BEGIN Dataset

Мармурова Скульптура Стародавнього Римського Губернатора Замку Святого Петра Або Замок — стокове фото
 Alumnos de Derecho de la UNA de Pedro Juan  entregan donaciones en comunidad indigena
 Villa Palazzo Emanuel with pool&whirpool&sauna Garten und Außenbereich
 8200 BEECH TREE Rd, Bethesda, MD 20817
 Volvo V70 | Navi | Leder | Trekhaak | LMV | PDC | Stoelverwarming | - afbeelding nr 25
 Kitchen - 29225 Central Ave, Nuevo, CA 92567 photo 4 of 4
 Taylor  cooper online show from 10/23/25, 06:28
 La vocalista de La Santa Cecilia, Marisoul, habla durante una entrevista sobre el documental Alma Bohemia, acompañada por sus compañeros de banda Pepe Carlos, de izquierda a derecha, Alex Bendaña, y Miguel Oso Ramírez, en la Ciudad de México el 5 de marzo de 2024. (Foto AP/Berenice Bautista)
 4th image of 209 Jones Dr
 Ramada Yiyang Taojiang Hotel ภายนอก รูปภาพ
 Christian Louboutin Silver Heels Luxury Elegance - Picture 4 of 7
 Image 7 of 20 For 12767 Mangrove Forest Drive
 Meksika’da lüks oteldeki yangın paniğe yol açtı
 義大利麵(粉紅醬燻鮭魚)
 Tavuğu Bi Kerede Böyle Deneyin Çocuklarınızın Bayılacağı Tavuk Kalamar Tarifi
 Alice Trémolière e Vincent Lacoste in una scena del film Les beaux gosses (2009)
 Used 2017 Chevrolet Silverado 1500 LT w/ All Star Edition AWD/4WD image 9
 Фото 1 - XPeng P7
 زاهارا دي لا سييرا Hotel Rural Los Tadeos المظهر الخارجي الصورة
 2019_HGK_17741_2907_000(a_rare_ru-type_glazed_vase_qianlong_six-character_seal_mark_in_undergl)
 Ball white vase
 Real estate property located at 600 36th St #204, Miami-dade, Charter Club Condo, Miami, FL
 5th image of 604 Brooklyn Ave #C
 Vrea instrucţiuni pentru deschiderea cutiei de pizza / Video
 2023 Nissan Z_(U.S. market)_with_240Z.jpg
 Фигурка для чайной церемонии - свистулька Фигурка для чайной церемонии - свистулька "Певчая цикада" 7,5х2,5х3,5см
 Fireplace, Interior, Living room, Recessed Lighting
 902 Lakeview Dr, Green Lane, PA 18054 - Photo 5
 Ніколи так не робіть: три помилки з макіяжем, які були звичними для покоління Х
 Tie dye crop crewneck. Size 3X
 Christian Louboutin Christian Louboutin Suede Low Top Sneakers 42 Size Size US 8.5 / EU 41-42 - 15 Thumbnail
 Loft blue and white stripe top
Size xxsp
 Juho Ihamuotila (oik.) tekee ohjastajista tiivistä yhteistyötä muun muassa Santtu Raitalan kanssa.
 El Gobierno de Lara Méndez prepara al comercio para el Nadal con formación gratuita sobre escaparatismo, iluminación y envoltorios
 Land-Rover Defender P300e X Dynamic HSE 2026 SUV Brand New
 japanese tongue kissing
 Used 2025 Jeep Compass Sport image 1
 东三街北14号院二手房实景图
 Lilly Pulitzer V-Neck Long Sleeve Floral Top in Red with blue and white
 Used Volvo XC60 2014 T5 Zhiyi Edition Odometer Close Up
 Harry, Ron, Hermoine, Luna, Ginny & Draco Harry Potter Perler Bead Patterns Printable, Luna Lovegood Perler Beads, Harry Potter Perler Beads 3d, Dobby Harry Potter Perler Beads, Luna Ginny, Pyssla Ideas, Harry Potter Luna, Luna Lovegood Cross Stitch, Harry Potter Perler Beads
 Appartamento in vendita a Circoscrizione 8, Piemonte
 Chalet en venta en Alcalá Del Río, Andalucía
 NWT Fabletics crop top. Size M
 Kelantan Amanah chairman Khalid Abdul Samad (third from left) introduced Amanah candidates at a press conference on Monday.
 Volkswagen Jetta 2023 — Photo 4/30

END Dataset

> Task objective: Above are the records; repeat exactly the lines from the one holding "زاهارا دي لا" down to the one holding "Used Volvo XC60", end lines included.

> Written reply:
 زاهارا دي لا سييرا Hotel Rural Los Tadeos المظهر الخارجي الصورة
 2019_HGK_17741_2907_000(a_rare_ru-type_glazed_vase_qianlong_six-character_seal_mark_in_undergl)
 Ball white vase
 Real estate property located at 600 36th St #204, Miami-dade, Charter Club Condo, Miami, FL
 5th image of 604 Brooklyn Ave #C
 Vrea instrucţiuni pentru deschiderea cutiei de pizza / Video
 2023 Nissan Z_(U.S. market)_with_240Z.jpg
 Фигурка для чайной церемонии - свистулька Фигурка для чайной церемонии - свистулька "Певчая цикада" 7,5х2,5х3,5см
 Fireplace, Interior, Living room, Recessed Lighting
 902 Lakeview Dr, Green Lane, PA 18054 - Photo 5
 Ніколи так не робіть: три помилки з макіяжем, які були звичними для покоління Х
 Tie dye crop crewneck. Size 3X
 Christian Louboutin Christian Louboutin Suede Low Top Sneakers 42 Size Size US 8.5 / EU 41-42 - 15 Thumbnail
 Loft blue and white stripe top
Size xxsp
 Juho Ihamuotila (oik.) tekee ohjastajista tiivistä yhteistyötä muun muassa Santtu Raitalan kanssa.
 El Gobierno de Lara Méndez prepara al comercio para el Nadal con formación gratuita sobre escaparatismo, iluminación y envoltorios
 Land-Rover Defender P300e X Dynamic HSE 2026 SUV Brand New
 japanese tongue kissing
 Used 2025 Jeep Compass Sport image 1
 东三街北14号院二手房实景图
 Lilly Pulitzer V-Neck Long Sleeve Floral Top in Red with blue and white
 Used Volvo XC60 2014 T5 Zhiyi Edition Odometer Close Up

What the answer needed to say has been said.